# DESCRIPTION OF THE TASK:
After finding the line with "(T23 FH6N) Cobh" in the entries below, copy that line and each one after it exactly, through the last line, and omit pictures.
(DATASET EXCERPTS)
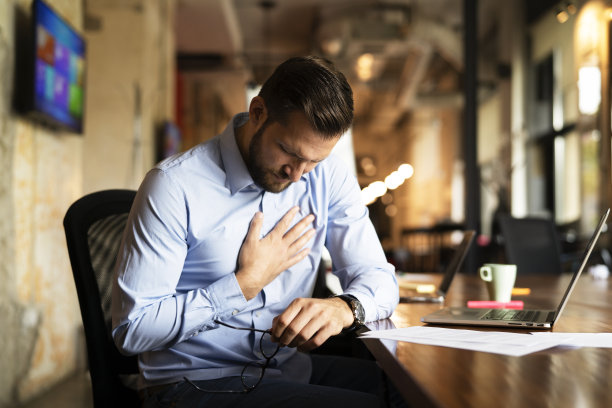 坐在办公室用笔记本电脑工作的人图片下载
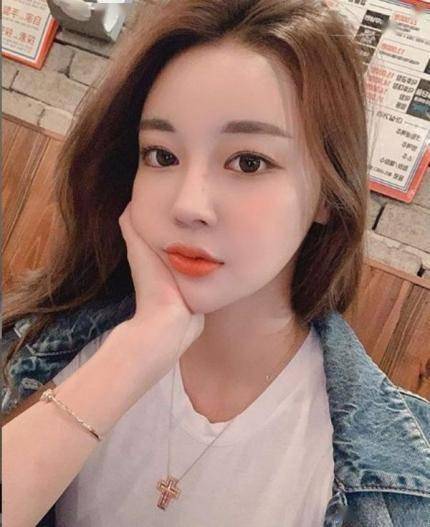 韩国28岁女主播去世:月赚35万,公开恋情后饱受谩骂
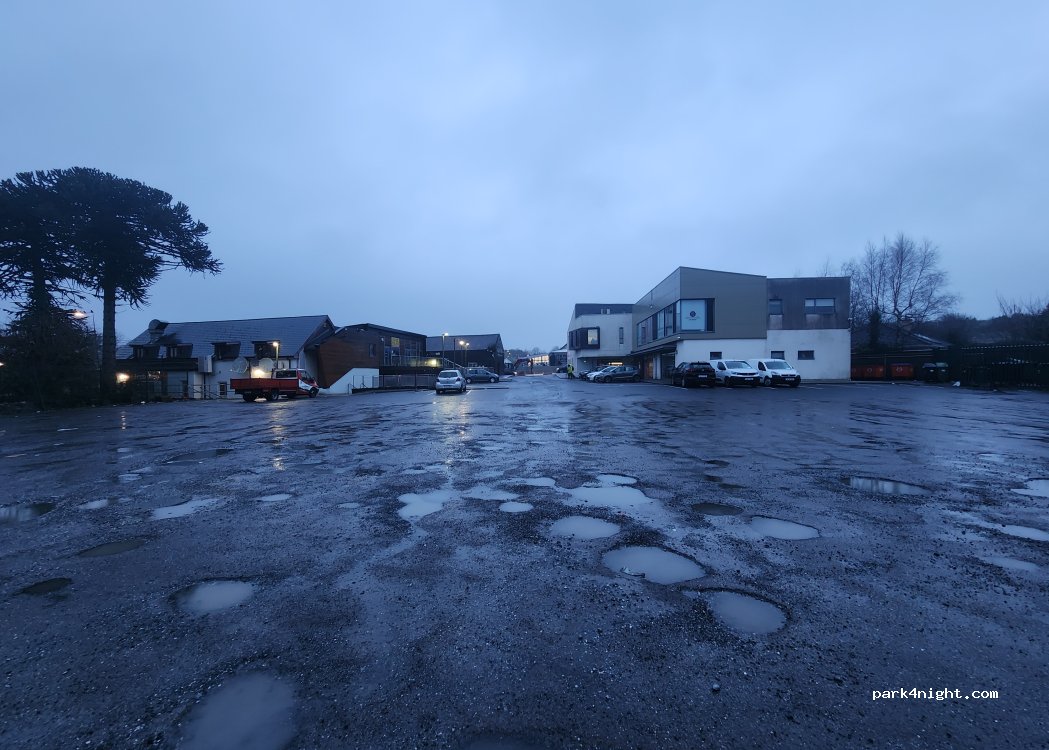 (T23 FH6N) Cobh Municipal District - Banduff Road — foto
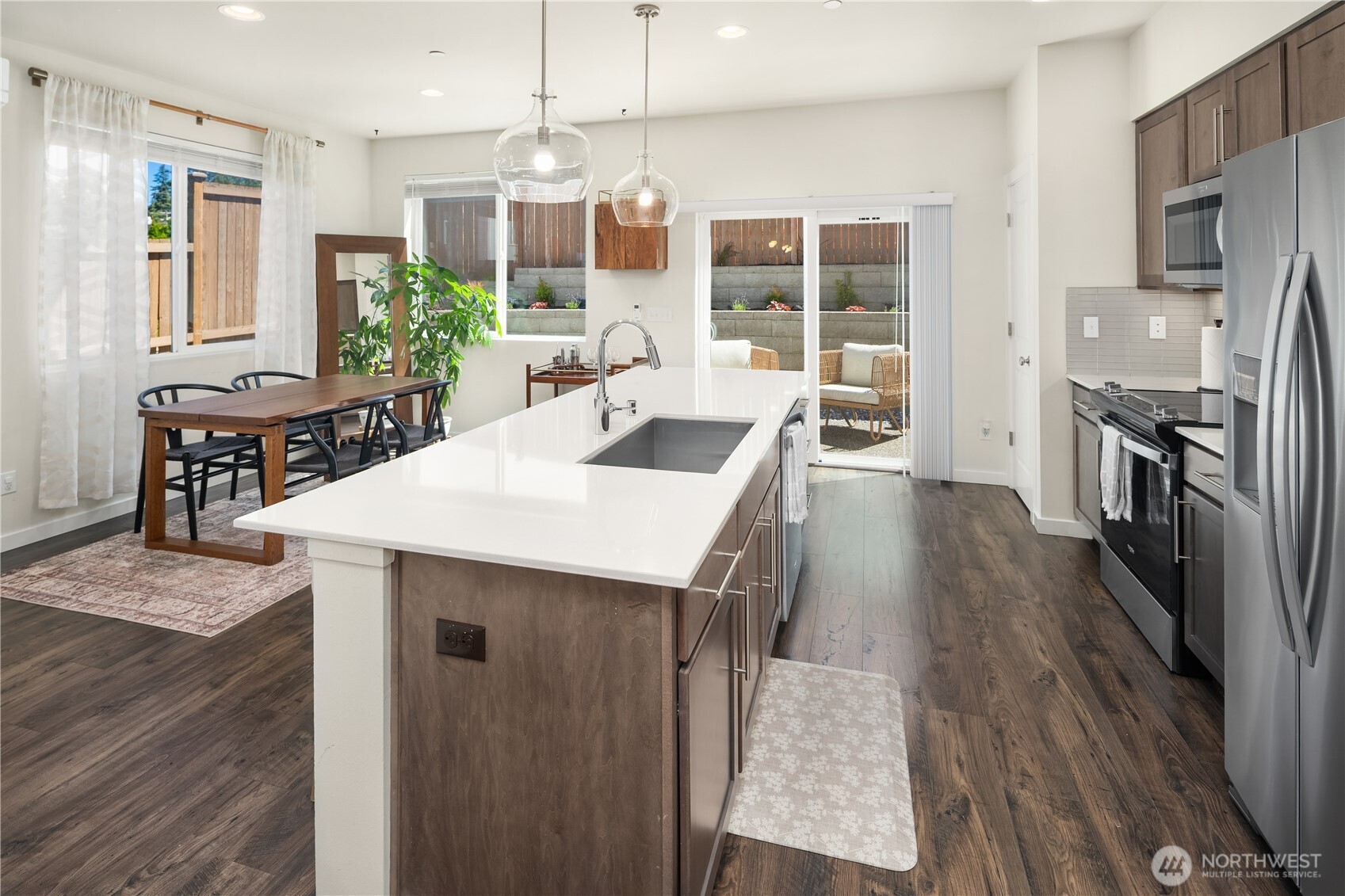 4902 Courtyard Lane Unit: B1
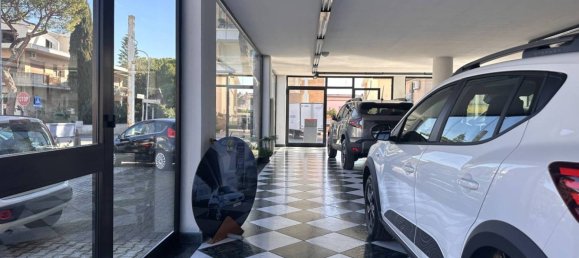 1غرفة عقار تجاري في Martinsicuro, Italy رقم 68390 11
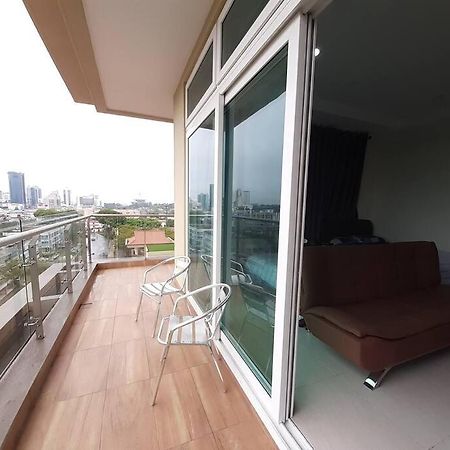 Smart Suite Balcony Riverine Kuching Exterior photo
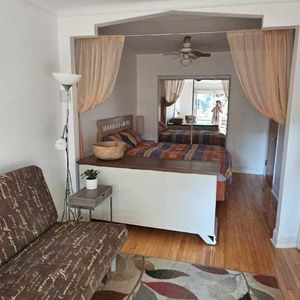 Meublé 41/2 $700,00 mois d'octobre près métro Fabre - Photo 2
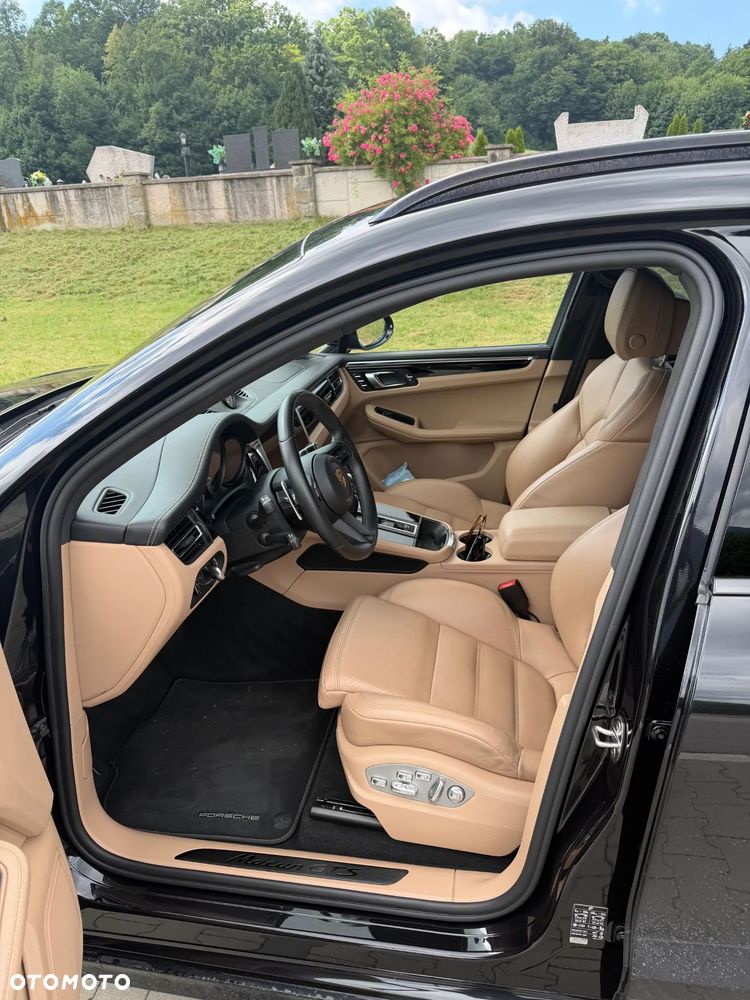 Porsche Macan - 6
(End DATASET EXCERPTS)
# ANSWER SECTION:
 (T23 FH6N) Cobh Municipal District - Banduff Road — foto
 4902 Courtyard Lane Unit: B1
 1غرفة عقار تجاري في Martinsicuro, Italy رقم 68390 11
 Smart Suite Balcony Riverine Kuching Exterior photo
 Meublé 41/2 $700,00 mois d'octobre près métro Fabre - Photo 2
 Porsche Macan - 6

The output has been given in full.